In a random forest plot, the number of trees is usually plotted on the x-axis and the OOB error rate is plotted on the y-axis. The plot shows how the OOB error rate changes ad the number of tress in the forest increases. Typically, the OOB error rate decreases with increasing number of trees.
The number of trees is an important hyperparameter in random forest and determines the size of the forest. Increasing the number of trees can improve the accuracy of the classification, but may also increase the overfitting.
The OOB error rate is an estimate of the generalization error of the random forest. can be used to evaluate the performance of the random forest.

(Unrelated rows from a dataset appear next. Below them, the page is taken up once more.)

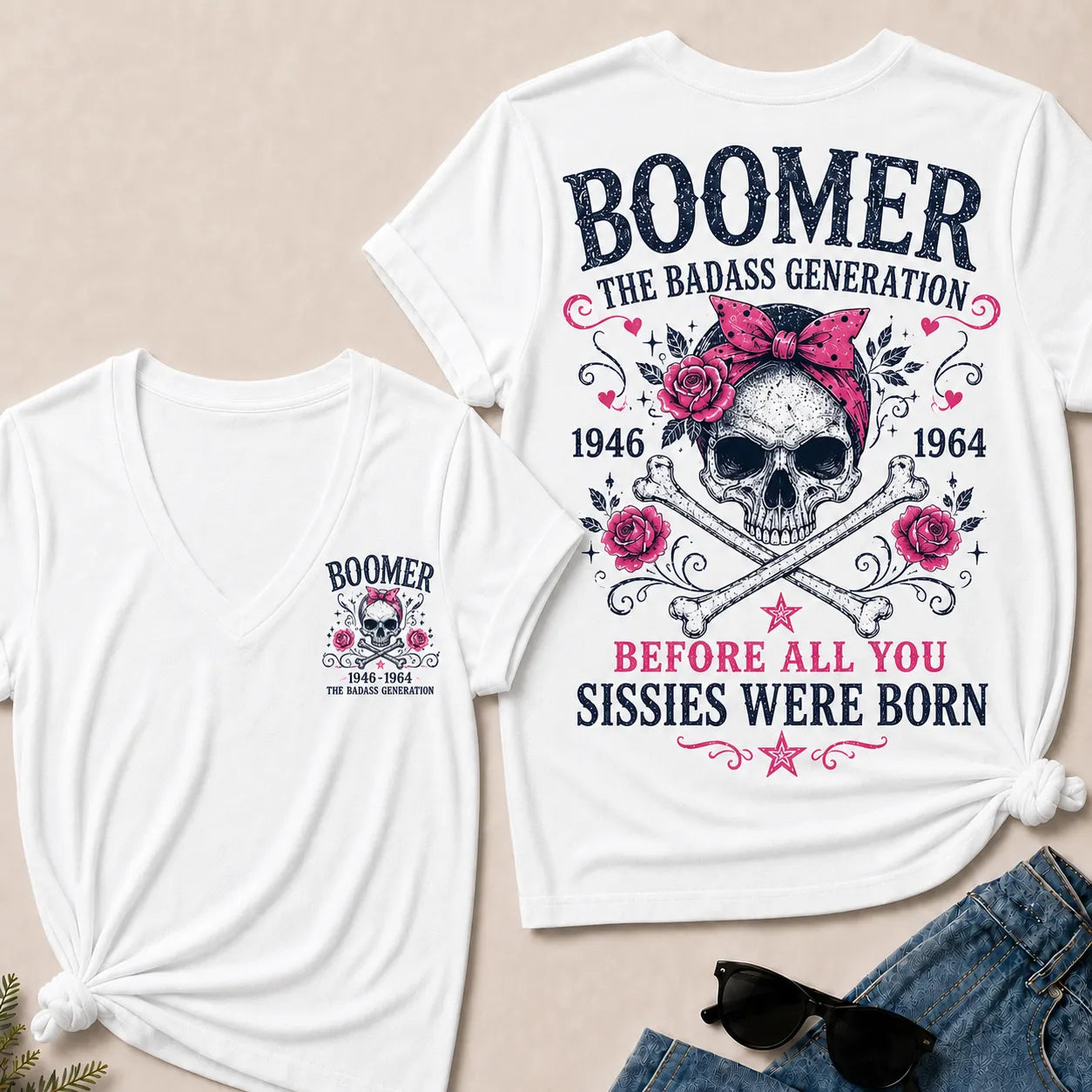 The Badass Generation – Before All You Sissies Were Born  V-Neck T-Shirt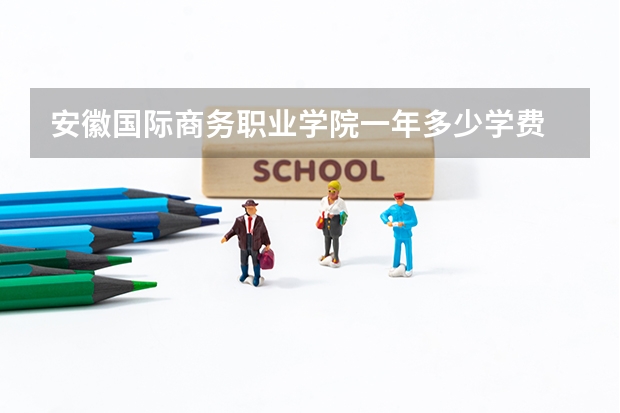 安徽国际商务职业学院一年多少学费 安徽国际商务职业学院学校好不好
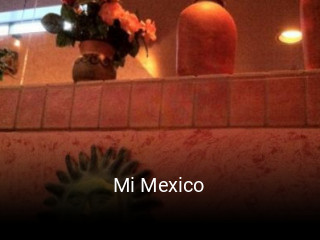 Mi Mexico opening hours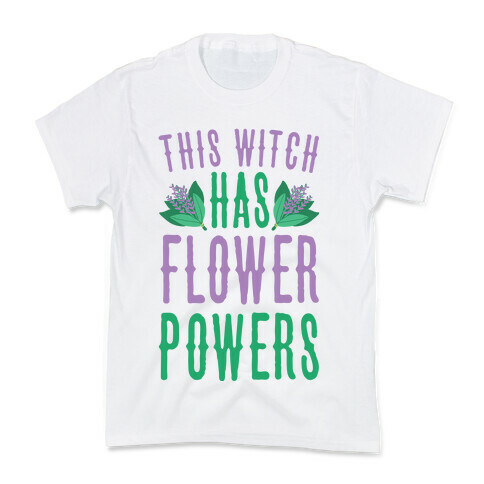 This Witch Has Flower Powers Kids T-Shirt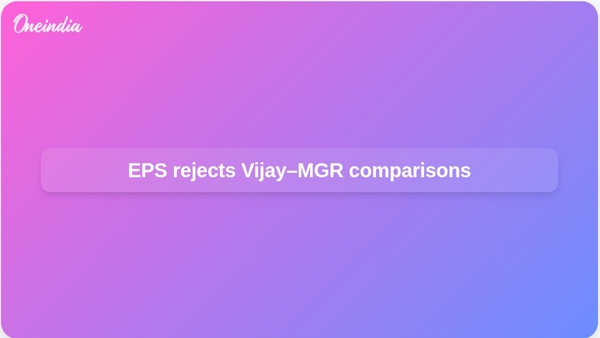 EPS rejects Vijay–MGR comparisons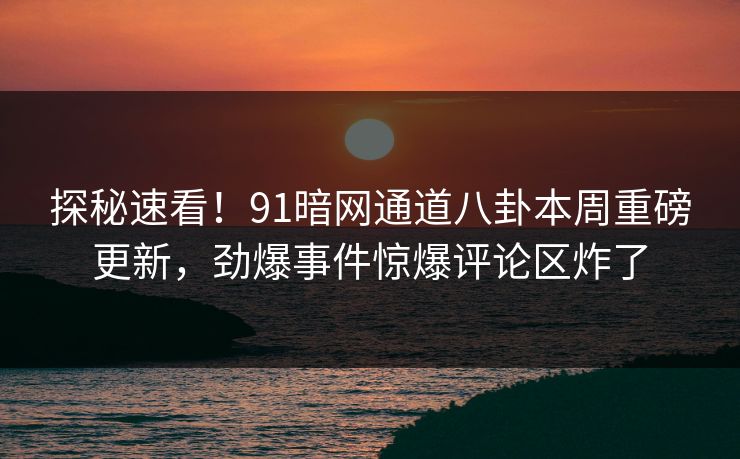 探秘速看！91暗网通道八卦本周重磅更新，劲爆事件惊爆评论区炸了
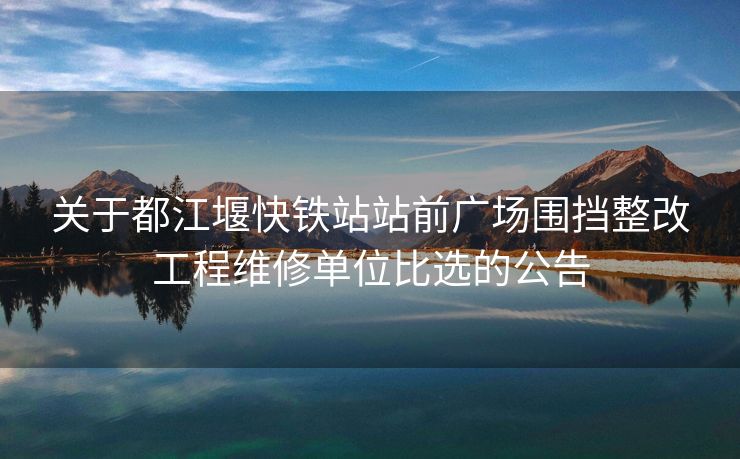 
关于都江堰快铁站站前广场围挡整改工程维修单位比选的公告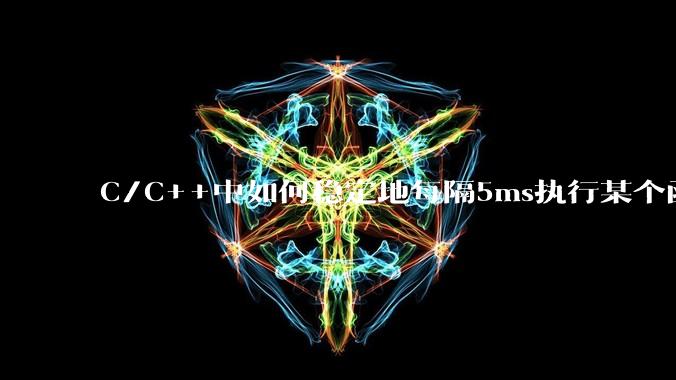 C/C++中如何稳定地每隔5ms执行某个函数？
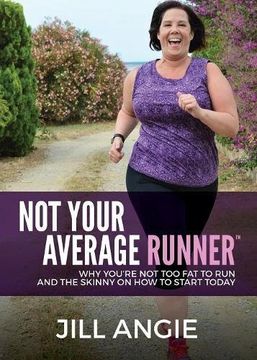 portada Not Your Average Runner: Why You're Not Too Fat to Run and the Skinny on How to Start Today (en Inglés)
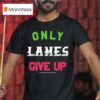 Foos Gone Wild Only Lames Give Up T Shirt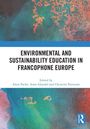 Environmental and Sustainability Education in Francophone Europe, Buch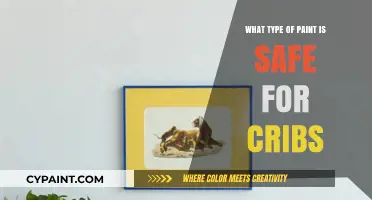 Safe Crib Painting: Choosing Non-Toxic Paints for Baby's Nursery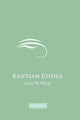 Book cover of: Kantian Ethics. By: Allen W Wood, Allen Wood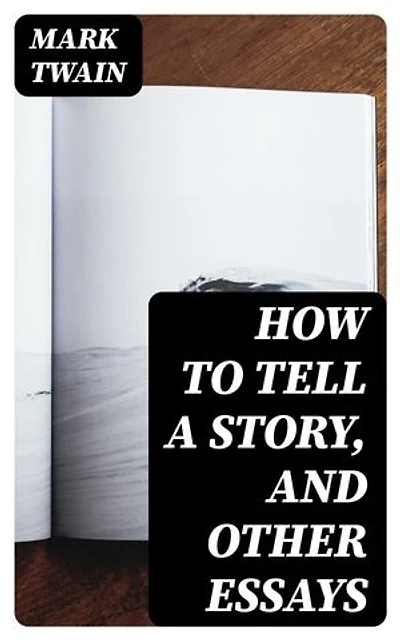 How to Tell a Story, and Other Essays: Enriched edition.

A lower OOB error rate indicates a better generalization performance of the model
```{r}
varImpPlot(random_forest, main = 'Feature Importance')
```
Inference:
Mean decrease accuracy measures the reduction in accuracy achieved by each feature when the feature is randomly permuted.
We again check the prediction of train and test sets with the data of original train and test set.
```{r}
#fine tuning the model
random_forest_1 <- randomForest(as.factor(class)~., data = train_data, ntree = 500, mtry = 3, importance = TRUE)
random_forest_1
```
```{r}
#prediction on train data set
train_pred1 <-predict(random_forest_1, train_data, type = "class")
table(train_pred1, train_data$class)
```
```{r}
mean(train_pred1 == train_data$class)
```
```{r}
#prediction on test data set
test_pred1 <-predict(random_forest_1, test_data, type = "class")
table(test_pred1, test_data$class)
```
```{r}
mean(test_pred1==test_data$class)
```
The statistical variables are also calculated to understand the success of the mode by building a confusion matrix.
```{r}
confusionMatrix(test_pred1, as.factor(test_data$class))
```
```{r}
confusionMatrix(test_pred1, as.factor(test_data$class), mode = "prec_recall", positive="1")
```
Inference:
We see that the accuracy of the model has improved and is 97.87 %
Model 3: Naive Bayes
```{r}
library(e1071)
```
```{r}
set.seed(123) # for reproducibility
train_index <- sample(nrow(car_data), 0.7 * nrow(car_data))
train_data <- car_data[train_index, ]
test_data <- car_data[-train_index, ]
```
```{r}
nb_model <- naiveBayes(class ~ buying + maint + doors + persons + lug_boot + safety, data = train_data)
```
```{r}
nb_pred <- predict(nb_model, newdata = test_data)
accuracy <- sum(nb_pred == test_data$class) / nrow(test_data)
print(paste("Naive Bayes accuracy:", round(accuracy, 4)))
```
Conclusion:
This dataset was divided into four classes as very good, good, acceptable and unacceptable cars considering the six different attributes which are buying price, maintenance, number of doors, capacity in terms of persons to carry, size of luggage boot and the estimated safety value. The model we built using naive bayes and decision tree had the accuracy of 82.47% and 87.6%. and to increase the accuracy we built model using random Forest method and the accuracy improved to 97.8 %.
According to the results, safety is the key attribute for car buyers. If a customers thinks a car is not safe, he/she does not buy it. Then, the capacity of people it can carry matters, if a car has seats for more than 4 people, customers do not buy it. If it is less, maintenance fee is a consideration. If maintenance fee is low, buying price comes into evaluation. If it is acceptably low again, luggage capacity is the final consideration in evaluating the car.